‘The World of Made Is Not the World of Born’: America and the Edge of the Continent
Abstract
The risk of America’, Tadeusz Slawek writes in the final plenary lecture, ‘is […] America itself—its endless, limitless ambitions […] to know absolutely everything’. These words resonate in important ways with the diagnosis of the contemporary world offered in The Transparency Society by Byung-Chul Han—a German-Korean theorist whose work has only recently begun to appear in English translation. Byung-Chul Han attacks transparency as a contemporary false ideal. The illusion that we can obtain information about everyone and everything—that thanks to technological innovations like the Internet, the world has become transparent—runs counter to the actual impoverishment of our ability to make sense of this wealth of data. We accumulate information, but this does not necessarily mean that our knowledge of the world increases.
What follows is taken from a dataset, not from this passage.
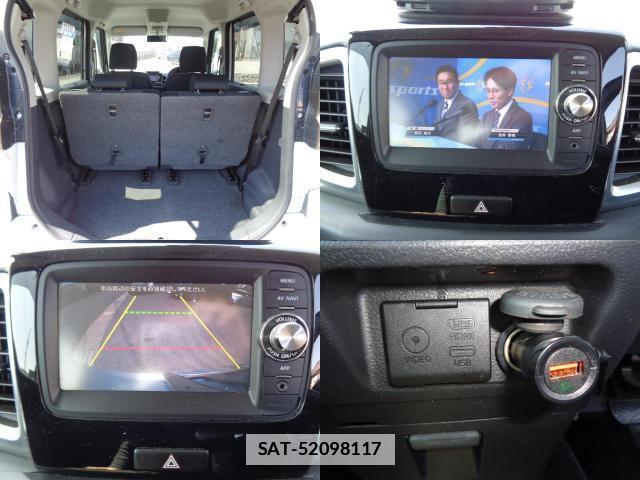 Mazda FLAIR WAGON 2014-09 7795262-7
Through a deft and illuminating reading of poetry by Robinson Jeffers and e. e. cummings, matched by astute references to Norman O. Brown, Jean Luc Nancy, and George Bataille, and others, Sławek traces the poets’ brave struggle against the culture and rhetoric of ‘excess’. Jeffers and cummings, but also D. H. Lawrence, were quick to denounce that America was turning into a ‘world in which everything is “far too”, i.e., a world subjected to human ambition and desire, a world of hasty activism’ where only Theodore Roosevelt’s ‘one hundred percent Americans’ would be welcome. To the nightmarish dream of a panoptical, completely transparent America, Slawek opposes a poetic and cultural tradition that stands firmly opposed to ‘the hubristic desires of the American state to know absolutely everything regardless of civil rights and political and economic costs’.